Safe and effective vaccines, diagnostics and therapeutics will also be vital for ending the pan­demic and accelerating the global recovery. It has also become abundantly clear that it is in every country’s national and economic self-interest to work together massively to expand access to tests and treatments, and to support a vaccine as a global public good — a “people’s vaccine” available and affordable for everyone, every­where. The Access to COVID-19 Tools Accelerator (ACT-Accelerator) with its COVAX Facility is the best global solution for getting us there.

Longer term, pandemic preparedness and response can be seen as a global public good with commensurate global and national-level investments. It requires a standardized outbreak alert system linked to concrete actions by national and local health authorities.
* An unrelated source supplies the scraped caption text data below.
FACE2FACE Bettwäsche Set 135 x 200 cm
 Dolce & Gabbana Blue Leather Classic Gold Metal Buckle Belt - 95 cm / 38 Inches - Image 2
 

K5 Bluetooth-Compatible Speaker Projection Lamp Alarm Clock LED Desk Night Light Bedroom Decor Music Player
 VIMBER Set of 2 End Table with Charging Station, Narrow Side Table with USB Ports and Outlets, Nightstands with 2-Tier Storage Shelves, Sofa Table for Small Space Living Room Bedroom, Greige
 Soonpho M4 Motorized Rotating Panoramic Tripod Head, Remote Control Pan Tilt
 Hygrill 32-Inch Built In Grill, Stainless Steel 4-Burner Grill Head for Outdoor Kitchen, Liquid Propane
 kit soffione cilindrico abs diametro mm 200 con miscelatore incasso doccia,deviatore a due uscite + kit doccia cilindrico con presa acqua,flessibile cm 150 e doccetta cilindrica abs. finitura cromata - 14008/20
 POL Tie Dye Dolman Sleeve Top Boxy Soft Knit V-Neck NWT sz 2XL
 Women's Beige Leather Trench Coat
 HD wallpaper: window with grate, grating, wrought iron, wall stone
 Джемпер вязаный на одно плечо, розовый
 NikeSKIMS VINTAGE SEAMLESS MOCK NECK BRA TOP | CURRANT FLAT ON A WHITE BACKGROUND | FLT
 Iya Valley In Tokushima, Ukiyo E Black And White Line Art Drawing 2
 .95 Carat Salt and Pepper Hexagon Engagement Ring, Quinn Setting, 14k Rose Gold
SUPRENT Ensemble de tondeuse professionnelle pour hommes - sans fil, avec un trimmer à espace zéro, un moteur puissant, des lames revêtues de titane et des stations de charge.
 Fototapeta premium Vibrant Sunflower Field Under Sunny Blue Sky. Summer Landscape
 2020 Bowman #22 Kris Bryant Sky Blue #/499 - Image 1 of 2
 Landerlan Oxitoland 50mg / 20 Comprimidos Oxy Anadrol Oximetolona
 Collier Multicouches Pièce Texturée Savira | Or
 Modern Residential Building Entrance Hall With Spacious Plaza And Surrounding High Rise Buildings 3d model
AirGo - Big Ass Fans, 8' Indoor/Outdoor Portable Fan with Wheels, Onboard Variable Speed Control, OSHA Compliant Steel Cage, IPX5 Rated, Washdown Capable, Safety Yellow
As of now, only one third of countries have put in place the capacities for their public health emergency management systems as required under the International Health Regulations (2005).

Coming out of the COVID-19 pandemic will require a whole-of-government, whole-of-society and a global coordinated approach. The lessons learned call for universal health coverage that ensures equal access to quality health care without financial risks for everyone and that effectively protects societies from another health crisis with its devastating effects on lives and livelihoods. All United Nations Member States have agreed to try to achieve universal health coverage by 2030, as part of the Sustainable Development Goals and in keeping with the 2019 Political Declaration on Universal Health Coverage.

There are clear steps that can be taken in the context of the COVID-19 response and recovery measures to address the weaknesses that the pandemic has exposed and to invest in more resilient public health in the future. Ultimately, it is a political choice to ensure a pandemic of this scale and impact does not occur again.